Kelly Lee Owens - "Arpeggi" & Lianne La Havas - "Weird Fishes/Arpeggi"

Both of this year’s best Radiohead covers were interpretations of the great In Rainbows track “Weird Fishes/Arpeggi,” one of Radiohead’s best latter-day songs. Both are entirely different, and both actually reinterpret the song in some recognizable but meaningful way. I can’t decide between them; they are both beautiful.

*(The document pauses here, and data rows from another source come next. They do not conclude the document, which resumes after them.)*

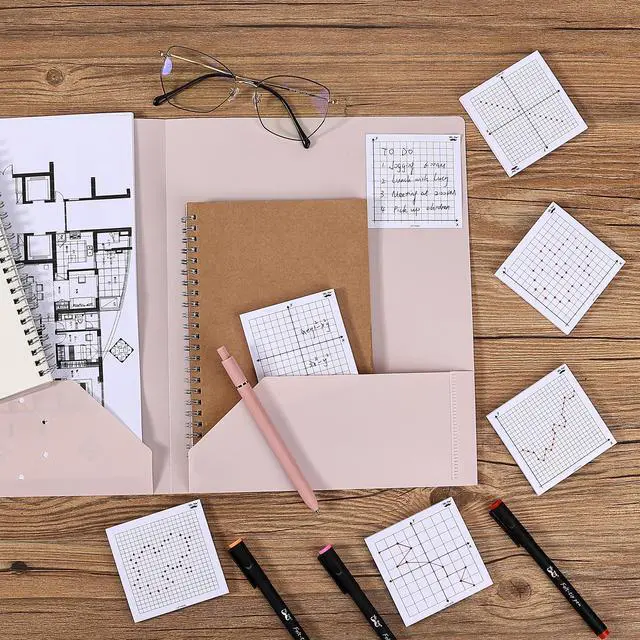 Alt view image 4 of 7 - Graph Sticky Notes, 3x3 Inch, 6 Pads, 50 Sheets/Pad, 300 Sheets | 6 Grid Designs, White, Square Graph Paper Notes, Grid Sticky Note Pads for Math, Study, Journals, Planners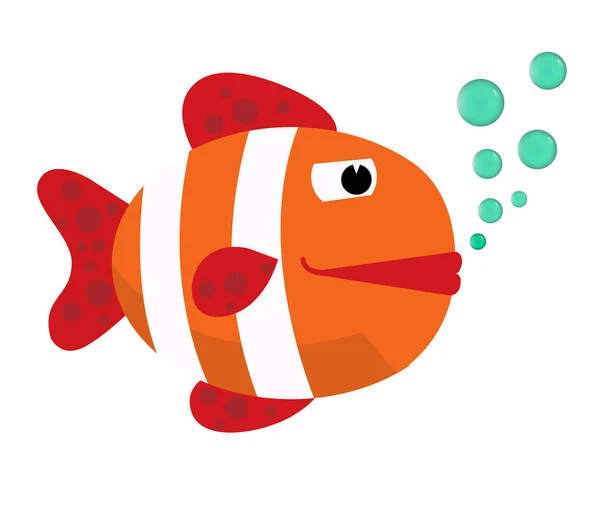 ปลาที่มีฟองอากาศ ปลาบนพื้นหลังสีขาว บิ๊กฟิช ภาพวาดเวกเตอร์ . — ภาพเวกเตอร์สต็อก
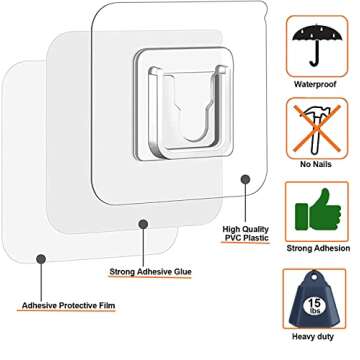 Double Side Adhesive Hooks Wall Hooks Heavy Duty Sticky Hooks Clear Adhesive Hooks for Hanging Self ...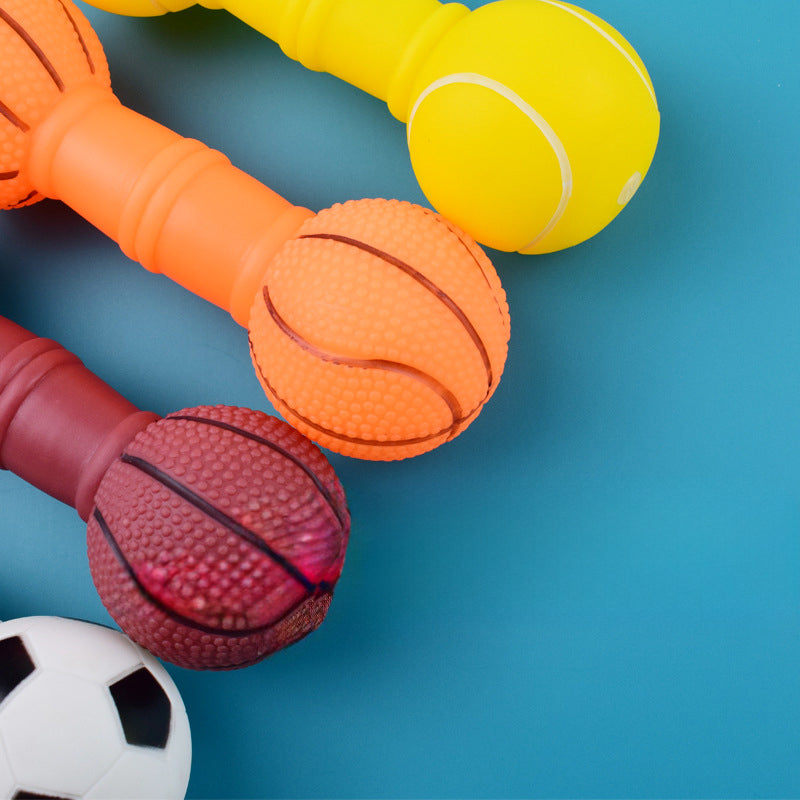 KFX-1089597 Squeaky Football Dumbbell Dog Chew Toy, Non-Toxic PVC, Soft & Fun Design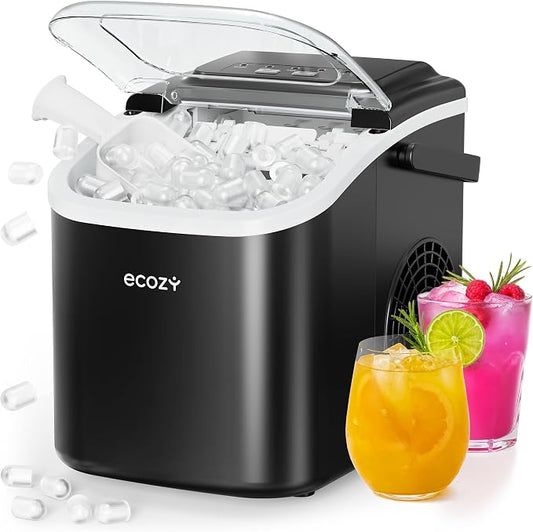 ecozy Portable Ice Makers Countertop, 8 Cubes in 6 Mins, 26lbs/Day, Bullet Ice Maker Machine with 2 Ice Sizes, Self-Cleaning Ice Maker with Carry Handle for Home/Kitchen/Party/Travel - 2026 Version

The first is Kelly Lee Owens’ “Arpeggi,” an instrumental rendition of the song that serves as the scene-setting opener on her great sophomore album Inner Song. (Which, as it happens, was also one of the best albums of the year.) Owens’ version begins as an aqueous gurgle, eventually teasing out that immortal, cascading progression from the song into something a bit more cosmic. For an album that delved deep into a person’s own mind and emotional landscape, there actually felt like there was some thematic heft: The dreaminess inherent in “Weird Fishes,” recontextualized as a digital memory echo.

Lianne La Havas’ “Weird Fishes” begins with a fakeout: that other immortal part of “Weird Fishes,” the drumbeat, suddenly breaking down as La Havas transforms the first half of the song into warm, watery funk. The second half of “Weird Fishes,” when the band keeps layering on new parts and heightening the beauty of the song rather than letting it spiral out of control, is always a transporting experience. The way La Havas rearranges it makes that second half powerful in a new way, a long-awaited release.

Given, both Owens and La Havas’ covers weren’t quarantine performances. They were songs recorded for albums that happened to come out during quarantine, and they naturally have a different scope to them. But they aren’t just the best Radiohead covers of 2020. They’re high-water-mark examples of what people can do with this band’s music, in this year or in any other.